In
den Wind gesprochen (45):
Waffen
an Bord - ein tödliches Problem
Richtig
ist, dass ich vor Jahren ein (zurückhaltender) Befürworter von Schusswaffen an Bord von Yachten gewesen bin. Meine Meinung damals war, dass
solche Waffen in der Hand von bedächtigen und verantwortungsbewussten Seglern
nur von Nutzen sein und keinerlei Nachteile (außer den Anschaffungskosten)
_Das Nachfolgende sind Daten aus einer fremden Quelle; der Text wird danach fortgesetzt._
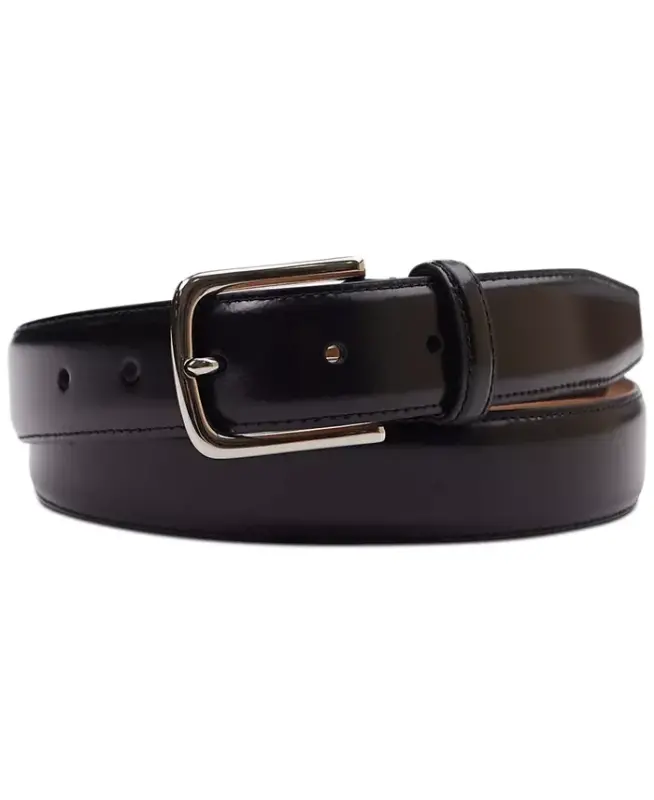 Men's Spazzol Feathered Edge Dress Belt - Black - 1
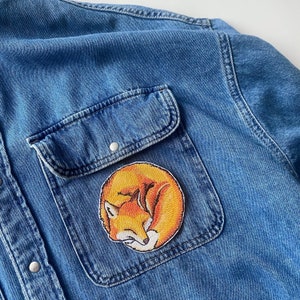 Cute fox iron on patch, Woodland sustainable clothing decor image 6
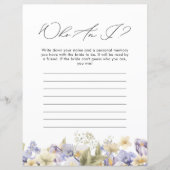 Papier Qui Suis-Je Jeu De Fête des mariées Florale Violet (Devant)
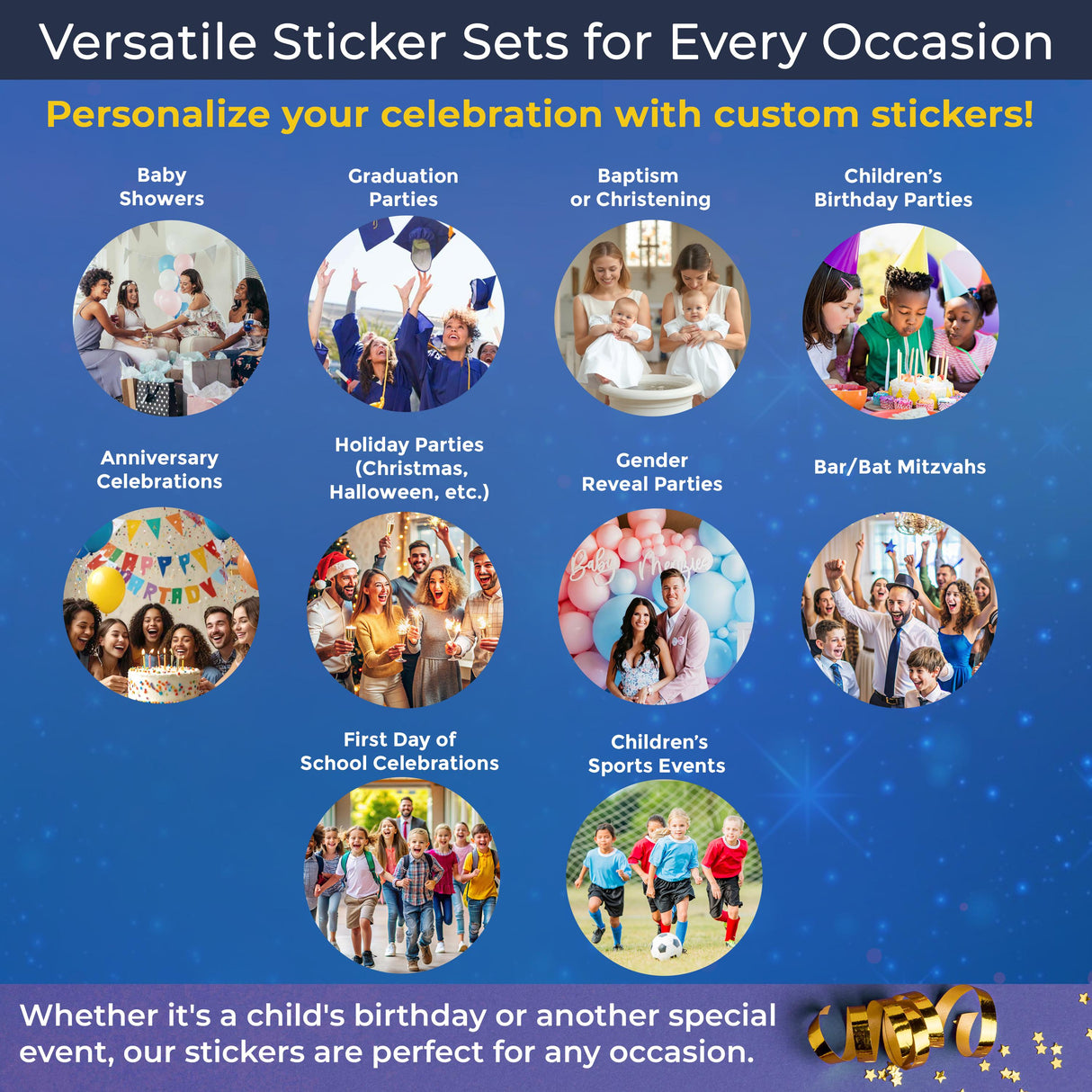 Image showcasing versatile sticker sets for various occasions like birthdays, graduations, and more.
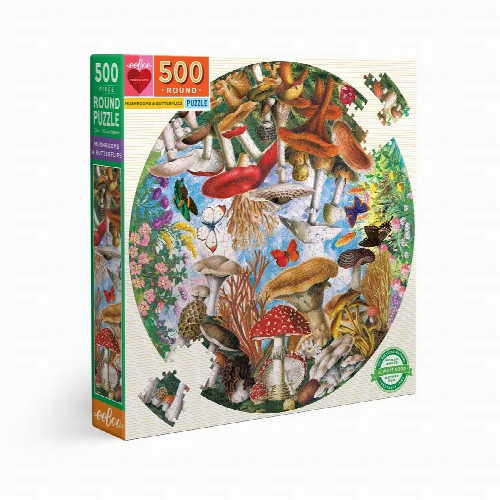 eeBoo Mushrooms and Butterflies Round Jigsaw Puzzle - 500 Piece - Image 1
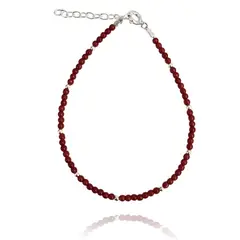ANDREA COGGIOLA JOYAS - Pulsera Cristal Rojo Oscuro Bolitas Plata Fina 925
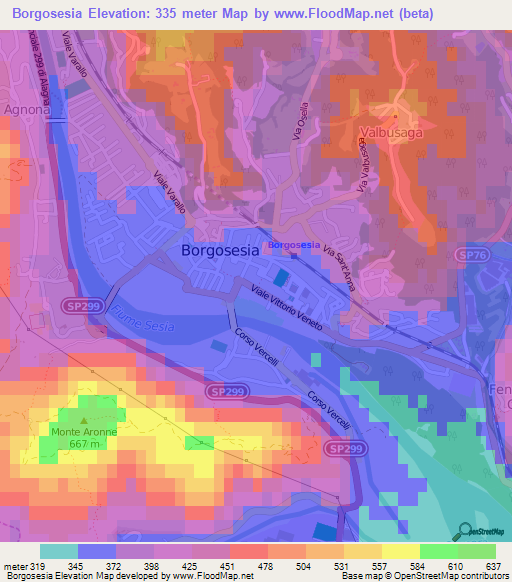 Borgosesia,Italy Elevation Map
haben können. Und so war ich auf einer Weltumsegelung und in den Jahren meines
vierjährigen Südseeaufenthalts mit Rückkehr via Kap Hoorn bewaffnet. Um es
genau zu sagen, hatte ich jeweils einen Beretta-Revolver Kaliber 38 an Bord. Ihn
hatte ich in England, beziehungsweise in Belgien legal erworben und auch jedes Mal bei der Neuankunft in einem Hafen deklariert. In manchen Ländern wurde
das mit einem Achselzucken registriert, in einigen Ländern wurde die Waffe an
Bord versiegelt und in einigen (wenigen) Ländern musste ich die Waffe beim
Zoll, beziehungsweise bei der dortigen Polizei in Gewahrsam geben. Aber auch auf
meiner letzten Reise, 20 Tausend Meilen nach Südsostasien und 10 Jahre lang war ein
großkalibriger Smith&Wesson-Revolver (Foto) an Bord.
In
den letzten Jahren hat sich meine Einstellung zu Waffen auf Langfahrt
grundlegend geändert: Wenn jemand eine andere Meinung vertritt,
sollte von vorneherein klar sein, dass hier nur von Waffen, beziehungsweise
Schusswaffen die Rede ist, die legal an Bord sind. Hierzu gehört auch, dass
diese bei jeder Einreise in einem neuen Land deklariert werden. Denn eines ist
klar: Die ganz "klugen" und siebengescheiten Segler, die meinen, sie
könnten das Einklarieren umgehen, weil sie die Waffen an Bord soo gut versteckt
haben, dass sie niemand finden könne, handeln höchst leichtfertig - bis
tödlich. Heute muss jede Yacht damit rechnen, Opfer einer Razzia zu werden,
selbst auf hoher See. Es liegt auf der Hand, dass dann die Offiziellen
(Zoll oder Polizei) die eisernen Waffen leicht orten können, wenn Sie andererseits in der Lage sind, ein Gramm Heroin in einem listigen Versteck auf
der Yacht aufzuspüren. Das nennt man an dann illegaler Waffenbesitz. Oder auch
Waffenschmuggel. In
Trinidad wurde ein deutscher Segler vor einigen Jahren wegen einer läppischen
Pistole an Bord zu sechs Jahren Gefängnis verurteilt, Was noch gerade harmlos
ist, wenn man bedenkt, dass beispielsweise in Malaysien, der illegale
Waffenbesitz genauso hart bestraft wird, wie Rauschgift an Bord. Denn das kann
bedeuten: Todesstrafe! So steht es im Gesetz. Nebenbei: Dort fällt auch eine
vermeintlich harmlose Harpune unter das Waffengesetz, eine Signalpistole (Foto) sowieso.
Warum
ich nunmehr Schusswaffen an Bord nicht mehr befürworte, geschweige denn
empfehle, liegt einfach daran,
dass sie praktisch nutzlos sind und nur Scherereien nicht nur beim Einklarieren machen.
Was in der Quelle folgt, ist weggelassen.